(DATA IN THIS EXERCISE)
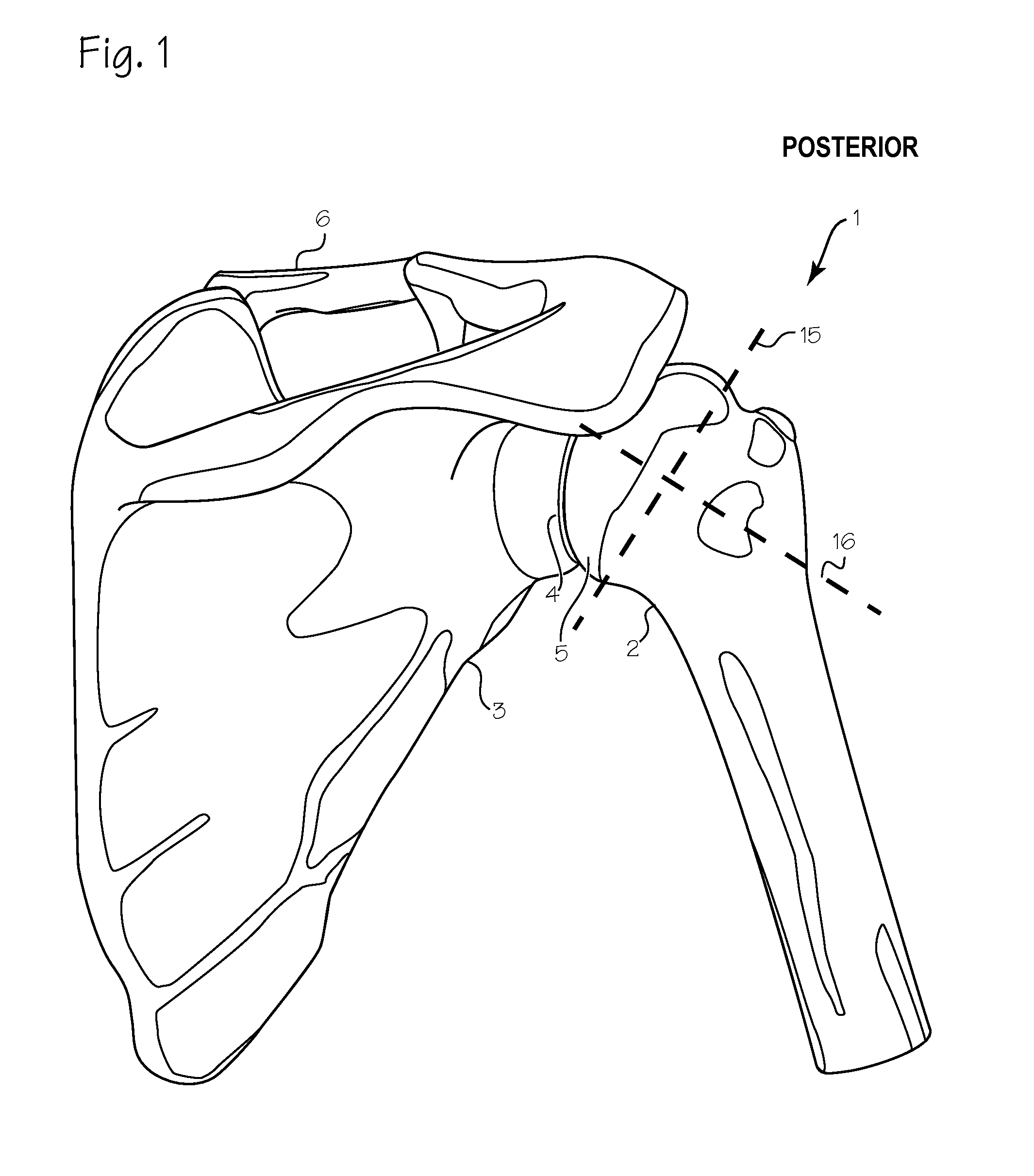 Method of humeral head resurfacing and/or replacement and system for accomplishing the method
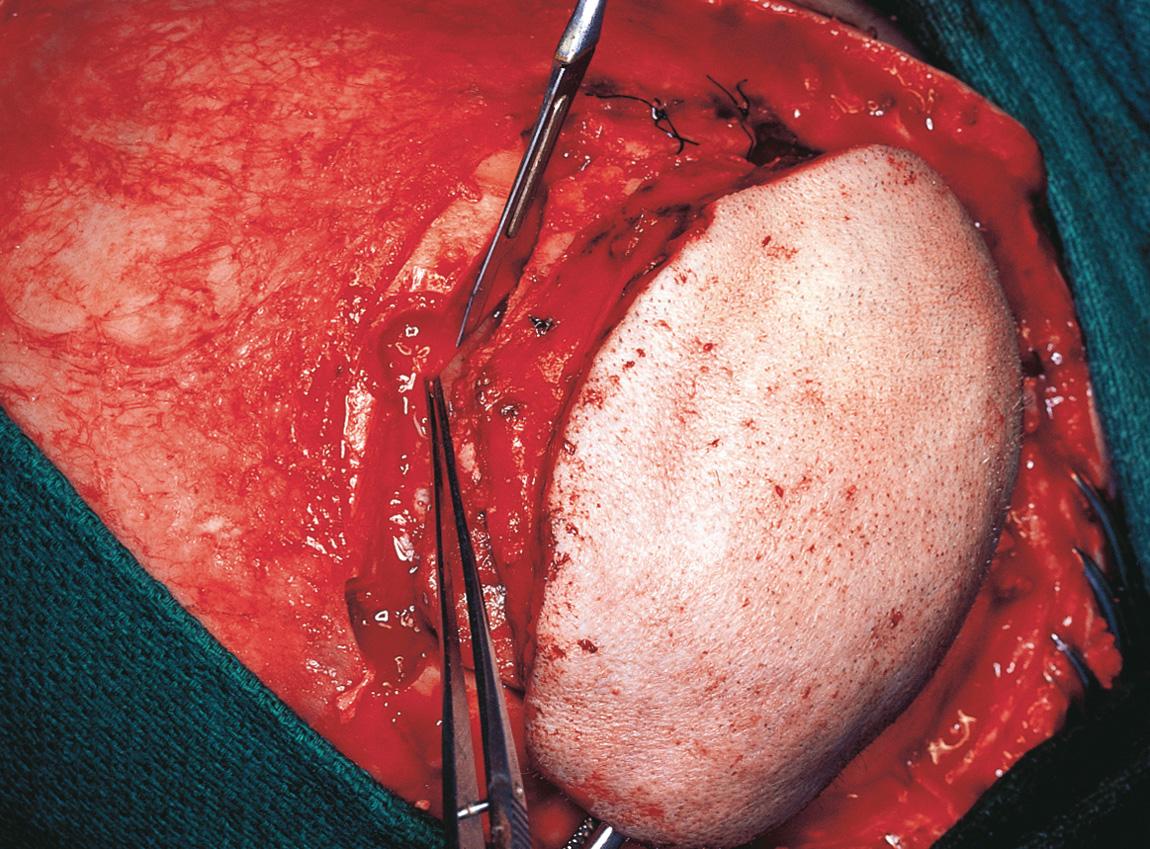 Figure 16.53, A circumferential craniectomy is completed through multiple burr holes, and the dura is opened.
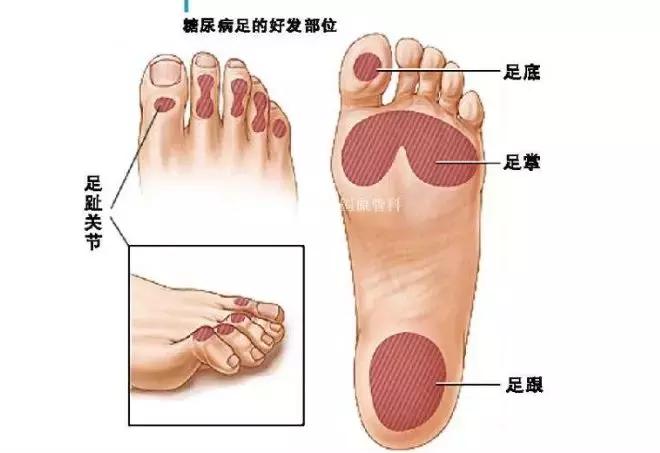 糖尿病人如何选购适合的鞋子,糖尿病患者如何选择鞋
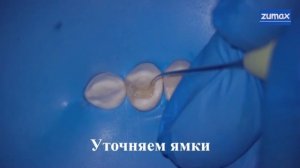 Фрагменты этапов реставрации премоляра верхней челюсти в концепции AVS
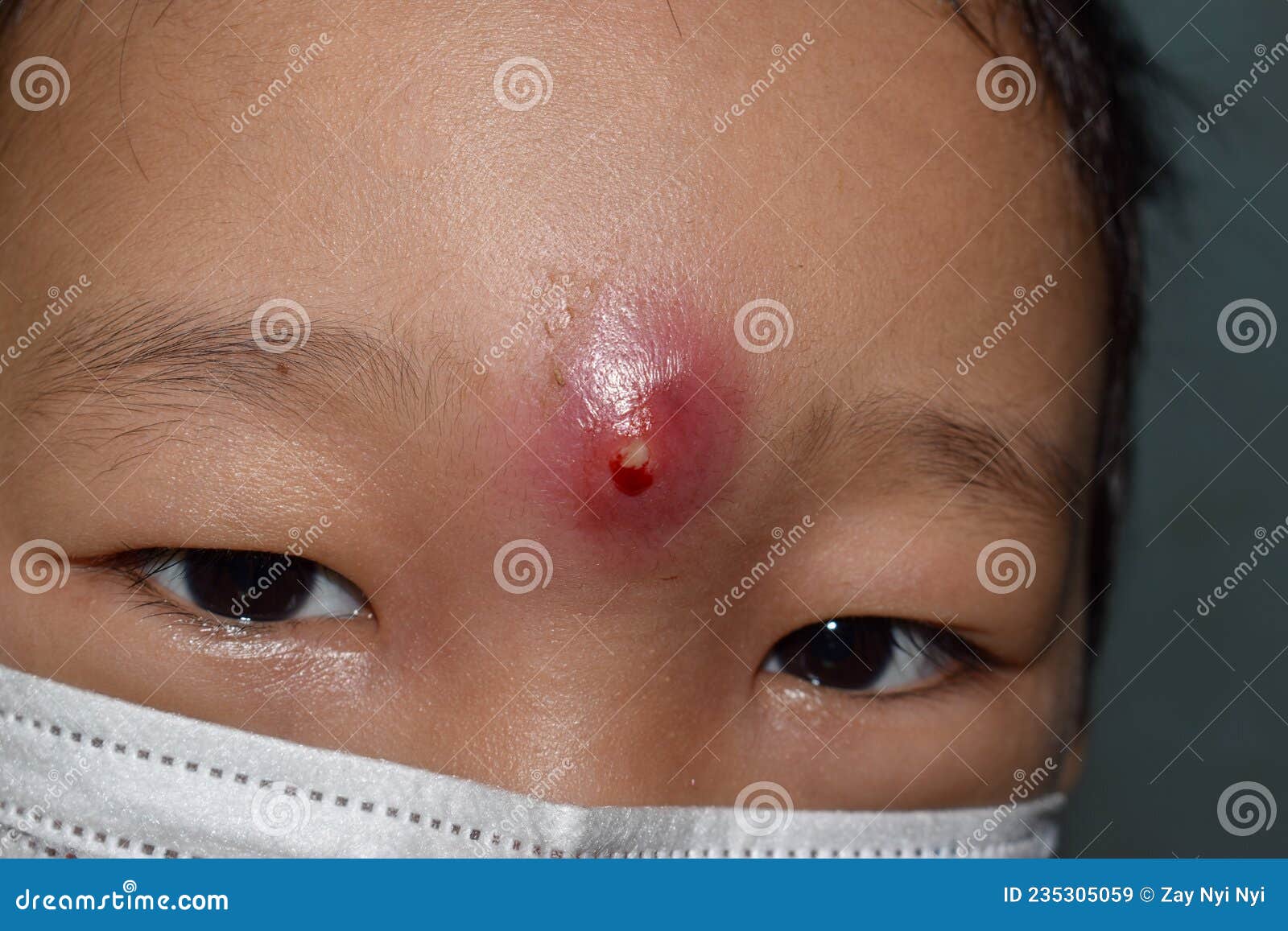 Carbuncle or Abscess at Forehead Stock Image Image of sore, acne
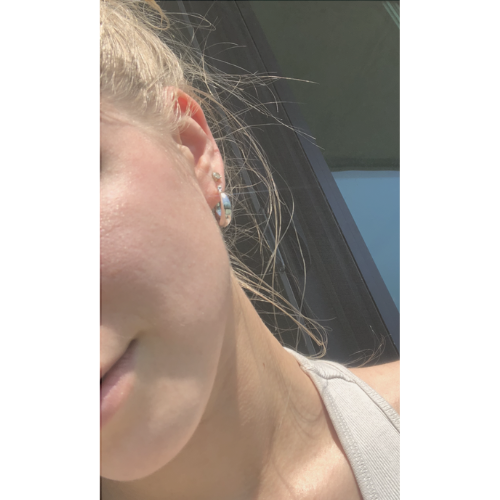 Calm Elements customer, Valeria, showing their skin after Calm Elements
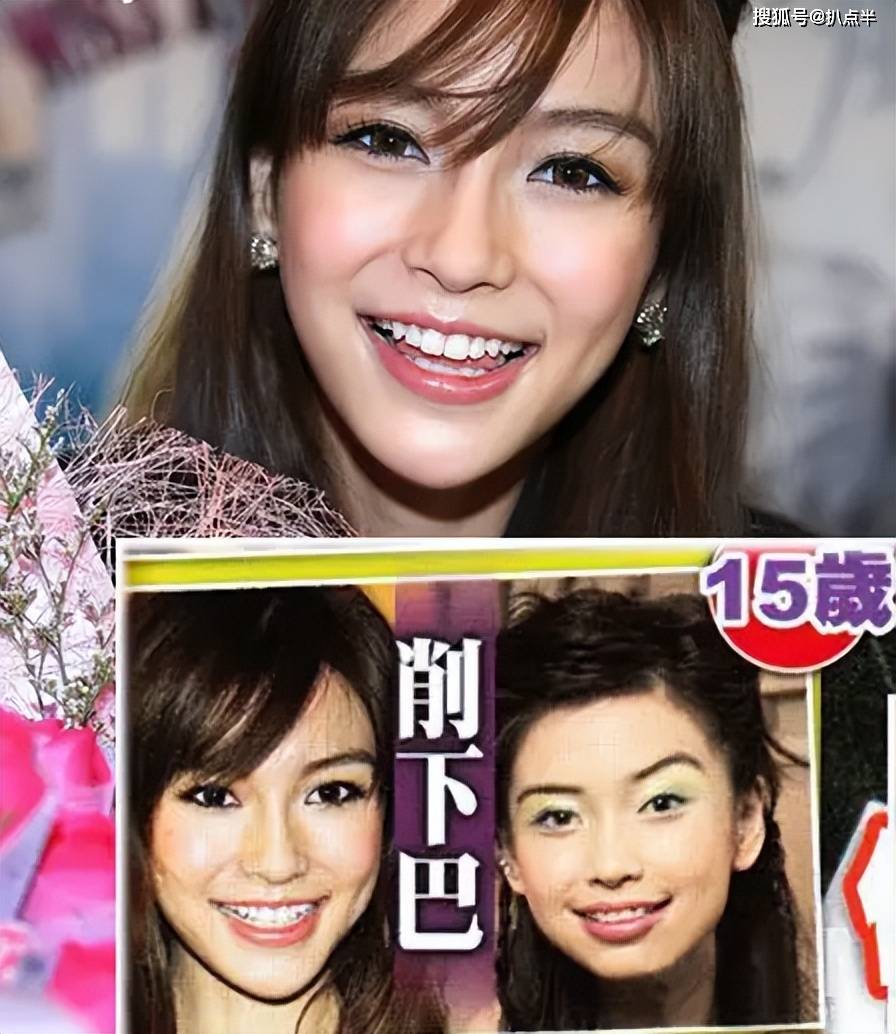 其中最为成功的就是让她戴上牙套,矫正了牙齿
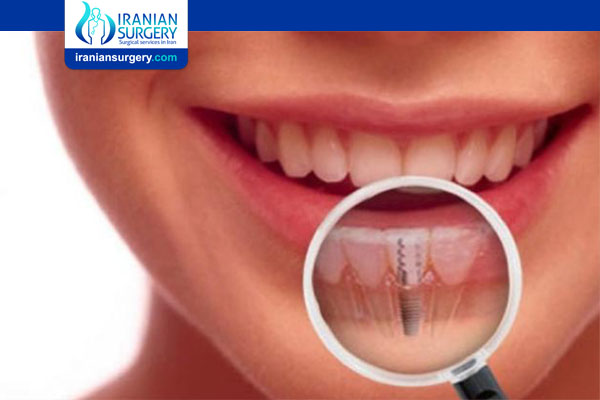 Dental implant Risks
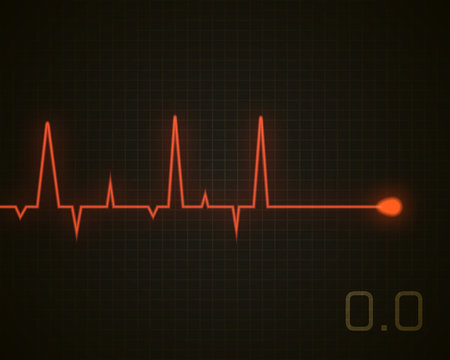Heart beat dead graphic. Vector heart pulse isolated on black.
(End DATA IN THIS EXERCISE)
• **ASSIGNMENT**
All lines from the one containing "Carbuncle or Abscess" through the end of the data are to be written out exactly, with nothing added; skip the pictures.

• **TASK RESPONSE**
 Carbuncle or Abscess at Forehead Stock Image Image of sore, acne
 Calm Elements customer, Valeria, showing their skin after Calm Elements
 其中最为成功的就是让她戴上牙套,矫正了牙齿
 Dental implant Risks
Heart beat dead graphic. Vector heart pulse isolated on black.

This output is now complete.